We will visualize examples in \(\mathbb{R}^2\).

Example 1: Matrix representing horizontal stretch

Let’s consider first the following matrix.

\[\begin{split} \begin{equation} A = \left[ \begin{array}{cc} 2 & 0 \\ 0 & 1 \end{array}\right] \end{equation} \end{split}\]

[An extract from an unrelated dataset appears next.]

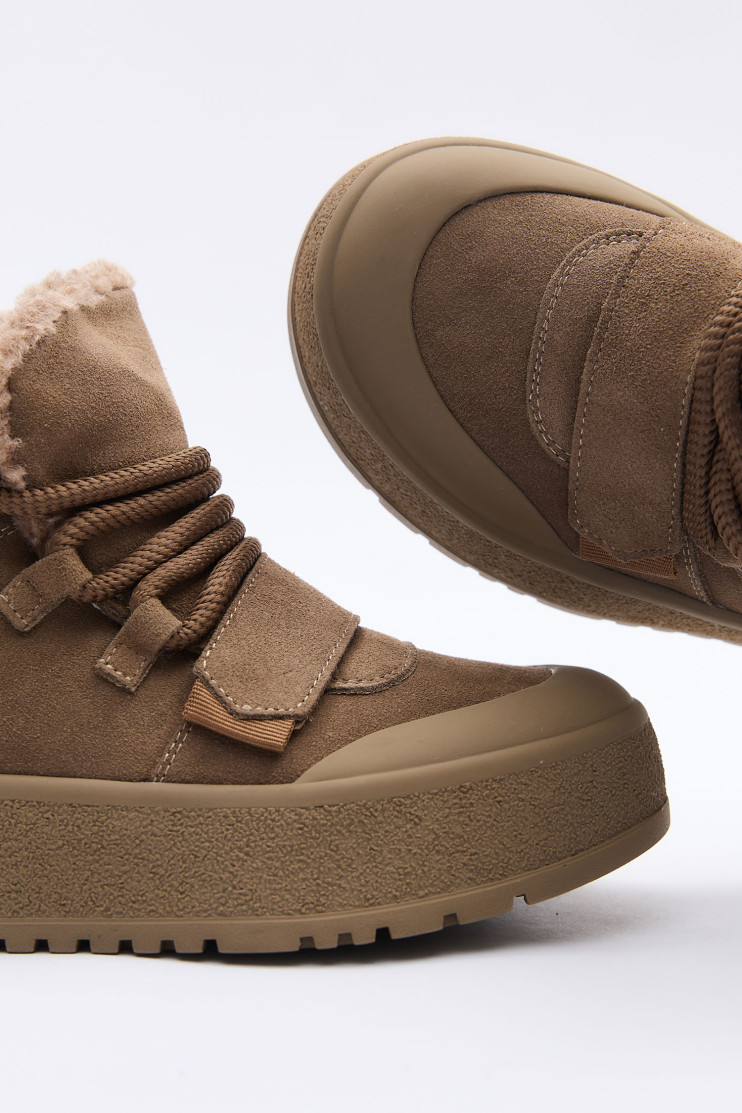 Черевики ALLSY 202142 - Вид 3 - інтернет магазин sandalini.ua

We saw in Chapter 3 that multiplication by this matrix has the effect of a horizontal stretch.

%matplotlib inline
import numpy as np
import matplotlib.pyplot as plt

fig, ax = plt.subplots()

options = {"head_width":0.1, "head_length":0.2, "length_includes_head":True}

ax.arrow(0,0,2,3,fc='b',ec='b',**options)
ax.arrow(0,0,4,3,fc='r',ec='r',**options)

ax.set_xlim(-1,5)
ax.set_ylim(-1,5)
ax.set_aspect('equal')
ax.set_xticks(np.arange(-1,6,step = 1))
ax.set_yticks(np.arange(-1,6,step = 1))

ax.text(0.8,2.2,'$X$')
ax.text(4,2.2,'$AX$')

ax.axvline(color='k',linewidth = 1)
ax.axhline(color='k',linewidth = 1)

ax.grid(True,ls=':')
_images/Eigenvalues_3_0.png
\[\begin{split} \begin{equation} X = \left[ \begin{array}{c} 2 \\ 3 \end{array}\right] \hspace{1cm} AX = \left[ \begin{array}{c} 4 \\ 3 \end{array}\right] \end{equation} \end{split}\]

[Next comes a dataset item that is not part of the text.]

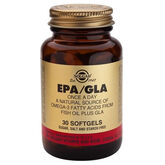 Solgar EPA/GLA Once A Day 30 Softgels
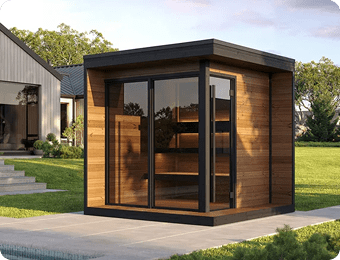 Outdoor Saunas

For this example it is possible to deduce the eigenvalues and eigenvectors since the effect of the matrix is rather simple. Any vector that does not have its direction changed by this transformation is an eigenvector. In particular, we notice that any vector along the \(x_1\)-axis will be scaled by the stretch, but the direction will be unchanged. Let’s choose the unit vector to label as \(V_1\)

\[\begin{split} \begin{equation} V_1 = \left[ \begin{array}{c} 1 \\ 0 \end{array}\right] \hspace{1cm} \end{equation} \end{split}\]

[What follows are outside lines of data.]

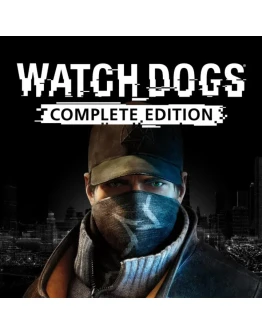 АРЕНДА XBOX Watch Dogs Complete Edition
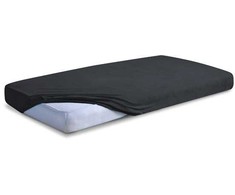 Multitex Paklodė su guma 140 x 200 Frotinis su guma PREMIUM 48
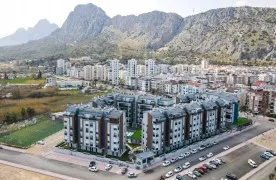 te koop: 2+1 Gemeubileerd Appartement in Konyaaltı, Antalya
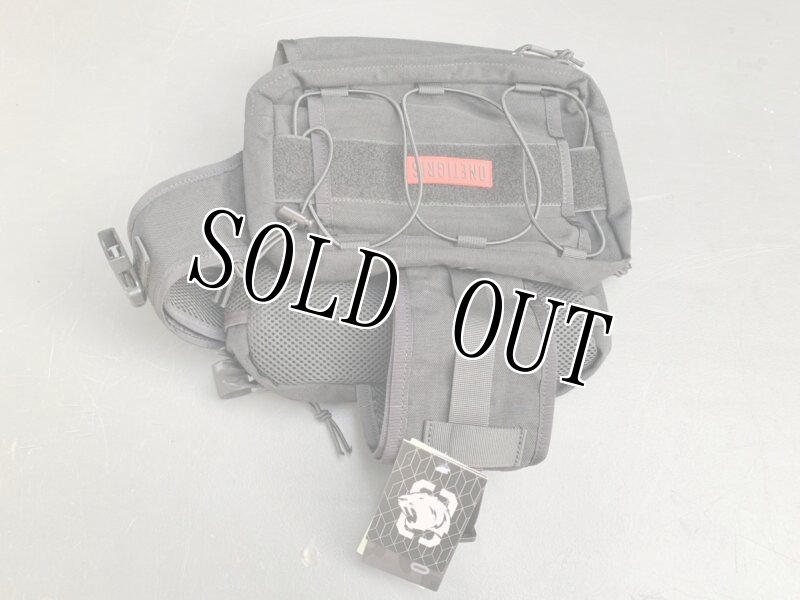 画像7: 米軍放出品 ONE TIGRIS Dog Pack   パトロール ハーネス (7)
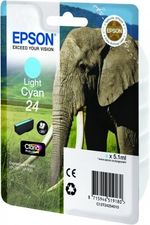 Epson-Elephant-Cartuccia-Ciano-chiaro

We can calculate and observe that \(AV_1 = 2V_1\) This tells us that \(\lambda_1 = 2\) is the eigenvalue associated with \(V_1\). It is important to note that given \(\lambda_1 = 2\), there is a whole collection of eigenvectors that satisfy the equation \(AV = 2V\). Indeed if \(V=kV_1\), where \(k\) is any scalar, we have

\(AV = A(kV_1) = k(AV_1) = k(2V_1) = 2(kV_1) = 2V\).

We now consider if any other vectors whose directions are unchanged by the transformation. After a bit of thought, we realize that any vector along the \(x_2\)-axis is entirely unaffected by the matrix multiplication. Let’s label \(V_2\) as the unit vector along that axis.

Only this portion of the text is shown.